═════ INPUT DATA
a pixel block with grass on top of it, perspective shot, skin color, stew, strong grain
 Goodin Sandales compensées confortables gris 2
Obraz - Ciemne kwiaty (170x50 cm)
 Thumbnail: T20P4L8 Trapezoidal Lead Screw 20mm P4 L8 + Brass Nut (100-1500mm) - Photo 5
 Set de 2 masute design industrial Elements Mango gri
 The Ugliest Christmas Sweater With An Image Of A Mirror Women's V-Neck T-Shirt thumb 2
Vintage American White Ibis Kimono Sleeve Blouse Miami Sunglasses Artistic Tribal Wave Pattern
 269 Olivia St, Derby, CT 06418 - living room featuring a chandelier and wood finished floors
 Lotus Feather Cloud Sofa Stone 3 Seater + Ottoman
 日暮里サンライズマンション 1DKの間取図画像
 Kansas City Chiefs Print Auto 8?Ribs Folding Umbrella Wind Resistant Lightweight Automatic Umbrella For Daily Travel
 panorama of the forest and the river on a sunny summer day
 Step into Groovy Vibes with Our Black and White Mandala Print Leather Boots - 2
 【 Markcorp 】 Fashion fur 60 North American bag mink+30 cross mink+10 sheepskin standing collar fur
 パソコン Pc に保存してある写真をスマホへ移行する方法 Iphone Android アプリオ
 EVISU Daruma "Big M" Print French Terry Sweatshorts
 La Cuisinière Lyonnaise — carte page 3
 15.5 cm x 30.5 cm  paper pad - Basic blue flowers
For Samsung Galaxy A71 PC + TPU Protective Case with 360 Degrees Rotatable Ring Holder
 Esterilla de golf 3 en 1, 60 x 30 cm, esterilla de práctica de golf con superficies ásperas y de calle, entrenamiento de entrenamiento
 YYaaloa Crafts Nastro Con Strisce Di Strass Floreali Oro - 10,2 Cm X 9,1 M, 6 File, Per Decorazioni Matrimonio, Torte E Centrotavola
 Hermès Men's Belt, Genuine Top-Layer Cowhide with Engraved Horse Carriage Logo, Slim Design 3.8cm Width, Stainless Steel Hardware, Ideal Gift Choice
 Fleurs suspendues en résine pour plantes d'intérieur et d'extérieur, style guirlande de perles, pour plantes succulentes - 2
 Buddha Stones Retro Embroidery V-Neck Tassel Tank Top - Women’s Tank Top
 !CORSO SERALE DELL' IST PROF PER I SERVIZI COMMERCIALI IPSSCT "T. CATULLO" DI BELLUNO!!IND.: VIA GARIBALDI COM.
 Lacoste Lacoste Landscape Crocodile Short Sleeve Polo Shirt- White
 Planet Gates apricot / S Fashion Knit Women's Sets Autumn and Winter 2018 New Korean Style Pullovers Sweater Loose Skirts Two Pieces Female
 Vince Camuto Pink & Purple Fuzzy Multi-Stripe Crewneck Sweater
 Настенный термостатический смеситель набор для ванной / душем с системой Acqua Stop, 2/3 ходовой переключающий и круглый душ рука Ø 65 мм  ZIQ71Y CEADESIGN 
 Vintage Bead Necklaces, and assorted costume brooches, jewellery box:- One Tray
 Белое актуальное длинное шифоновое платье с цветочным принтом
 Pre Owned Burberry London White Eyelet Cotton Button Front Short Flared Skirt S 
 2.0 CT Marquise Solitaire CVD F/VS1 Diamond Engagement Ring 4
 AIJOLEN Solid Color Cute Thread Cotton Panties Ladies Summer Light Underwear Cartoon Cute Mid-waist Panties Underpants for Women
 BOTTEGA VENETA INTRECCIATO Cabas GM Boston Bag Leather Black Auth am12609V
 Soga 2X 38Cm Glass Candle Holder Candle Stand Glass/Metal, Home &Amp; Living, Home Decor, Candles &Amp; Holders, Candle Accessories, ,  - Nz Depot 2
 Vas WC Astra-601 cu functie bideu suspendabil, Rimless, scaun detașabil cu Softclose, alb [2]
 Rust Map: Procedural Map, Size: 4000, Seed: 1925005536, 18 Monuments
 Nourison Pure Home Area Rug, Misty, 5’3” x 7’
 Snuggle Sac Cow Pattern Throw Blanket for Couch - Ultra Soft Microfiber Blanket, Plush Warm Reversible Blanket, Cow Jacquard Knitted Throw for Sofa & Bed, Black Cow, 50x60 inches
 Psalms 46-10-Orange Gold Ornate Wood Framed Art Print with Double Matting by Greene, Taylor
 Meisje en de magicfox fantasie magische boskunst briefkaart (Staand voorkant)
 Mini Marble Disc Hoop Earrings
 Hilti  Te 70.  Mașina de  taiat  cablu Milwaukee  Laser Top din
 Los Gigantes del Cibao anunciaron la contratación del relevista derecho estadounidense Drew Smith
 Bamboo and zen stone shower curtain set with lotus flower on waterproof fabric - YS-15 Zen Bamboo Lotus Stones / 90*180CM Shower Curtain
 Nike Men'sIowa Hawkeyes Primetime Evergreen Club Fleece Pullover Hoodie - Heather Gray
══════════
__WHAT TO PRODUCE__
Write the listing out again in its entirety, exactly.

__ANSWER SPACE__
a pixel block with grass on top of it, perspective shot, skin color, stew, strong grain
 Goodin Sandales compensées confortables gris 2
Obraz - Ciemne kwiaty (170x50 cm)
 Thumbnail: T20P4L8 Trapezoidal Lead Screw 20mm P4 L8 + Brass Nut (100-1500mm) - Photo 5
 Set de 2 masute design industrial Elements Mango gri
 The Ugliest Christmas Sweater With An Image Of A Mirror Women's V-Neck T-Shirt thumb 2
Vintage American White Ibis Kimono Sleeve Blouse Miami Sunglasses Artistic Tribal Wave Pattern
 269 Olivia St, Derby, CT 06418 - living room featuring a chandelier and wood finished floors
 Lotus Feather Cloud Sofa Stone 3 Seater + Ottoman
 日暮里サンライズマンション 1DKの間取図画像
 Kansas City Chiefs Print Auto 8?Ribs Folding Umbrella Wind Resistant Lightweight Automatic Umbrella For Daily Travel
 panorama of the forest and the river on a sunny summer day
 Step into Groovy Vibes with Our Black and White Mandala Print Leather Boots - 2
 【 Markcorp 】 Fashion fur 60 North American bag mink+30 cross mink+10 sheepskin standing collar fur
 パソコン Pc に保存してある写真をスマホへ移行する方法 Iphone Android アプリオ
 EVISU Daruma "Big M" Print French Terry Sweatshorts
 La Cuisinière Lyonnaise — carte page 3
 15.5 cm x 30.5 cm  paper pad - Basic blue flowers
For Samsung Galaxy A71 PC + TPU Protective Case with 360 Degrees Rotatable Ring Holder
 Esterilla de golf 3 en 1, 60 x 30 cm, esterilla de práctica de golf con superficies ásperas y de calle, entrenamiento de entrenamiento
 YYaaloa Crafts Nastro Con Strisce Di Strass Floreali Oro - 10,2 Cm X 9,1 M, 6 File, Per Decorazioni Matrimonio, Torte E Centrotavola
 Hermès Men's Belt, Genuine Top-Layer Cowhide with Engraved Horse Carriage Logo, Slim Design 3.8cm Width, Stainless Steel Hardware, Ideal Gift Choice
 Fleurs suspendues en résine pour plantes d'intérieur et d'extérieur, style guirlande de perles, pour plantes succulentes - 2
 Buddha Stones Retro Embroidery V-Neck Tassel Tank Top - Women’s Tank Top
 !CORSO SERALE DELL' IST PROF PER I SERVIZI COMMERCIALI IPSSCT "T. CATULLO" DI BELLUNO!!IND.: VIA GARIBALDI COM.
 Lacoste Lacoste Landscape Crocodile Short Sleeve Polo Shirt- White
 Planet Gates apricot / S Fashion Knit Women's Sets Autumn and Winter 2018 New Korean Style Pullovers Sweater Loose Skirts Two Pieces Female
 Vince Camuto Pink & Purple Fuzzy Multi-Stripe Crewneck Sweater
 Настенный термостатический смеситель набор для ванной / душем с системой Acqua Stop, 2/3 ходовой переключающий и круглый душ рука Ø 65 мм  ZIQ71Y CEADESIGN 
 Vintage Bead Necklaces, and assorted costume brooches, jewellery box:- One Tray
 Белое актуальное длинное шифоновое платье с цветочным принтом
 Pre Owned Burberry London White Eyelet Cotton Button Front Short Flared Skirt S 
 2.0 CT Marquise Solitaire CVD F/VS1 Diamond Engagement Ring 4
 AIJOLEN Solid Color Cute Thread Cotton Panties Ladies Summer Light Underwear Cartoon Cute Mid-waist Panties Underpants for Women
 BOTTEGA VENETA INTRECCIATO Cabas GM Boston Bag Leather Black Auth am12609V
 Soga 2X 38Cm Glass Candle Holder Candle Stand Glass/Metal, Home &Amp; Living, Home Decor, Candles &Amp; Holders, Candle Accessories, ,  - Nz Depot 2
 Vas WC Astra-601 cu functie bideu suspendabil, Rimless, scaun detașabil cu Softclose, alb [2]
 Rust Map: Procedural Map, Size: 4000, Seed: 1925005536, 18 Monuments
 Nourison Pure Home Area Rug, Misty, 5’3” x 7’
 Snuggle Sac Cow Pattern Throw Blanket for Couch - Ultra Soft Microfiber Blanket, Plush Warm Reversible Blanket, Cow Jacquard Knitted Throw for Sofa & Bed, Black Cow, 50x60 inches
 Psalms 46-10-Orange Gold Ornate Wood Framed Art Print with Double Matting by Greene, Taylor
 Meisje en de magicfox fantasie magische boskunst briefkaart (Staand voorkant)
 Mini Marble Disc Hoop Earrings
 Hilti  Te 70.  Mașina de  taiat  cablu Milwaukee  Laser Top din
 Los Gigantes del Cibao anunciaron la contratación del relevista derecho estadounidense Drew Smith
 Bamboo and zen stone shower curtain set with lotus flower on waterproof fabric - YS-15 Zen Bamboo Lotus Stones / 90*180CM Shower Curtain
 Nike Men'sIowa Hawkeyes Primetime Evergreen Club Fleece Pullover Hoodie - Heather Gray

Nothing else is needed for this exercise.